Почему Вы приехали на Кубу? Как Вас встретили в литературной среде?
Я приехал на Кубу, чтобы сбежать от полиции. Я тогда работал с Колумбийским партизанским движением. Какой-то информатор сказал полиции, где я нахожусь, но, к счастью, друзья предупредили меня об опасности, и, поскольку я не видел другого способа убежать, я угнал небольшой самолет и полетел на Кубу, которая с января 1959 года стала символом латиноамериканского освобождения. У меня были связи с Кубой, так как я был бойцом Уругвайской Коммунистической партии.
Что касается литературной среды в то время, я встретил двух моих личных вдохновителей: Алехо Карпентье и Николаса Гийшена. У меня не было связей с другими выдающимися литературными деятелями того времени. Конечно, был тогда один из крупнейших поэтов нашего языка – блестящий эссеист, патриот и политический провидец, кубинский национальный герой и «апостол» — Хосе Марти.
Как бы вы подытожили свою работу на сегодняшний день?
Я начал с политических приключений, того, что советы называли «детективным политическим романом», который отличается от криминальных романов капиталистического мира, потому что он основан на реальных фактах. В нем фантастика играет определенную роль, но в некотором смысле она обусловлена уважением к нерушимым историческим рамкам, к контексту. Это особенный жанр весомой воспитательной ценности особенно для молодежи. Мой первый роман, опубликованный на Кубе, «Joy» («Радость»), относится к этому жанру. У меня также есть определение и для исторических романов, биографий и того, что я называю «кубинская авантюра». Однако эти четыре жанра взаимосвязаны. В романе вы можете найти значительные эстетические и стилистические особенности исторического романа, в то время как в исторических сюжетах вы всегда найдете историю преступности, неизвестность или сильный эротизм «кубинской авантюры». И в биографическом жанре я становлюсь гораздо ближе к символической фантастике, чем к документальной сказке.

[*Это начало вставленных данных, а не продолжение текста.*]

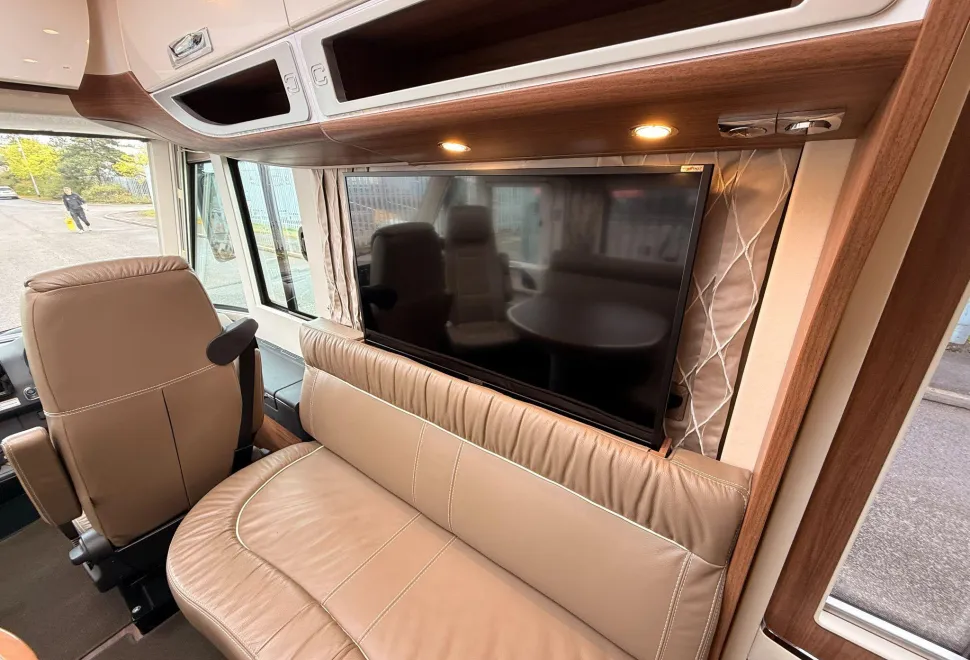 Carthago Motorhomes  Chic e-line I 64 XL QB 2023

Пользуетесь ли вы «real meravilloso» («настоящим чудом», прим. – здесь идет речь о литературном приеме)?
Хотя Алехо Карпентьер и «Сто лет одиночества» представляют, на мой взгляд, одни из шедевров литературного творчества на испанском языке после Сервантеса, мои романы принадлежат к тенденции, которую я называю «реализм, заслуживающий исключительного доверия».

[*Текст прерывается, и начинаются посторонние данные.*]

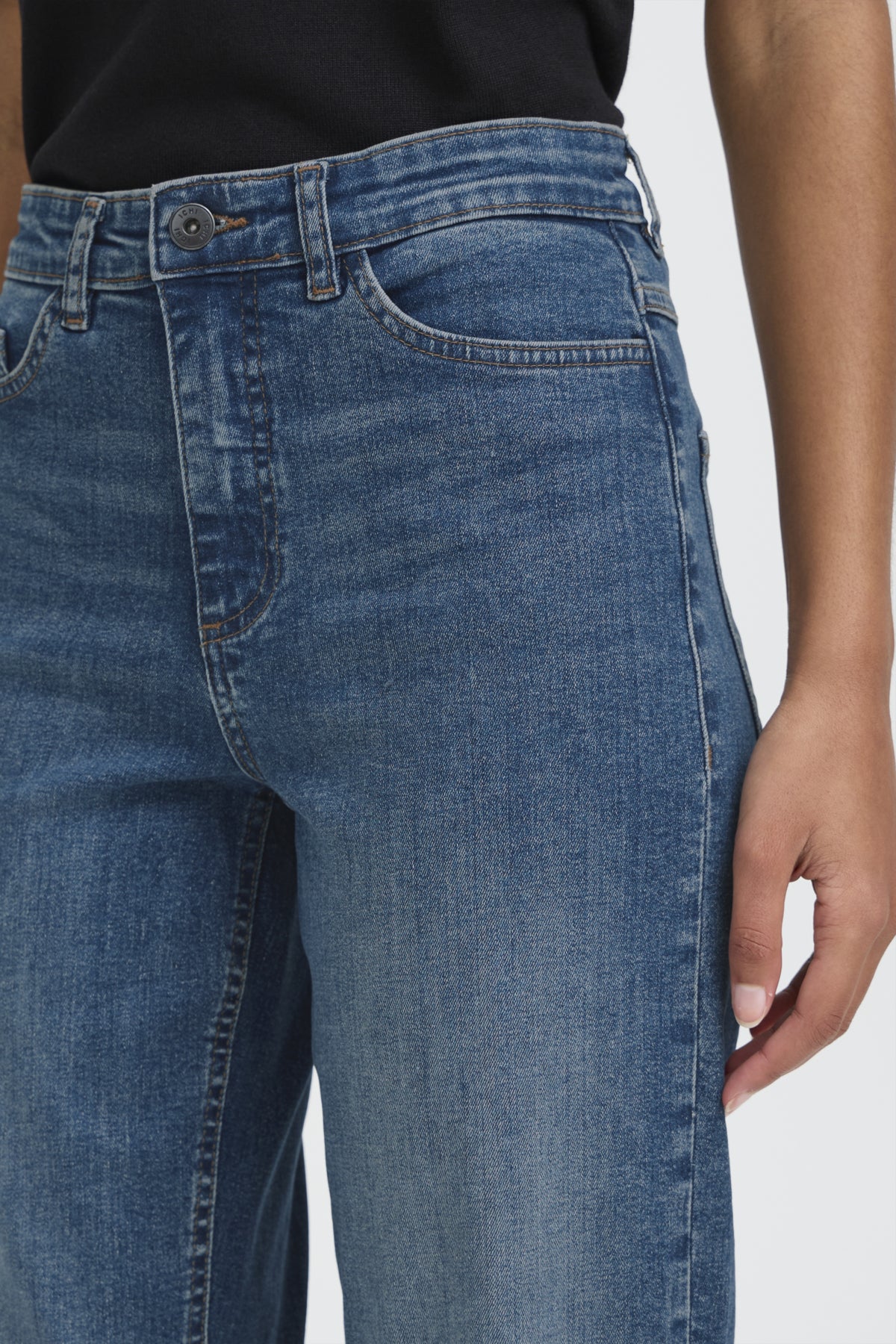 Vaquero recto medium blue RAVEN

Почти всегда моими главными героями являются особенные люди. Они действуют в необычной обстановке и очень сложных сюжетах. Однако я запретил себе нарушать свое главное правило –писать только о возможном и правдоподобном. Я никогда не прибегал к тому, что сейчас очень часто используется в современной литературе и кино, где душа умершего человека, например, наблюдает за тем, что происходит вокруг его гроба во время похорон. Конечно, я не критикую эти методы, и в некоторых случаях они были чудесно использованы; от Гомера и античной трагедии, до Данте и Шекспира. Но это самые гениальные примеры использования таких приемов.

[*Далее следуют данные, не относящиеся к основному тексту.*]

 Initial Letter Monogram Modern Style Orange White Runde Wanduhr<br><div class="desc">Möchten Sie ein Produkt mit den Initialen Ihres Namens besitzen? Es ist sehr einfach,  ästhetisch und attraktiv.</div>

В «кубинской авантюре» многие из главных действующих лиц противоречат своим же ценностям, и находятся на грани или живут на задворках. Почему вы описываете их таким образом?
Я верю в доброту социализма и в своих романах я всячески защищаю его. Но я очень осторожен в этом. Когда дело доходит до кубинских реалий, я всегда помню, что, несмотря на бессонные ночи революции во имя защиты граждан, некоторые из революционеров кончили очень плохо. Когда вы рождаетесь в семье, обремененной неизбежным наследием отсталости, угнетения, насилия, сексизма, эгоизма, оппортунизма… Когда ребенку не повезло в школе, потому что его учителя были аморальными и оппортунистическими, плохо обращались с детьми и требовали подарков… Это, к сожалению, всё было и до сих пор происходит на Кубе. Надо разоблачать это. Литература обогащается контрастами, противоположностями, поэтому я привык апеллировать к некоторым врожденным добродетелям человека, которые, несмотря на унаследованные им пороки и ненависть к революции, позволяют сохранить чувство справедливости, любви к друзьям, сохранить способность рисковать своей жизнью, защищая общее дело. Это было моим намерением, когда я создал Бини, главную героиню «El rojo en la pluma deloro»: она молодая асоциальная девушка, которая не учится, не работает и не мечтает поехать в США. Когда-то она сама занималась проституцией и несколько раз была в тюрьме за разные преступления. Тем не менее, она может полностью отказаться от эгоизма, чтобы поймать мучителя, который причинил вред одному из ее клиентов, политзаключенному в Аргентине.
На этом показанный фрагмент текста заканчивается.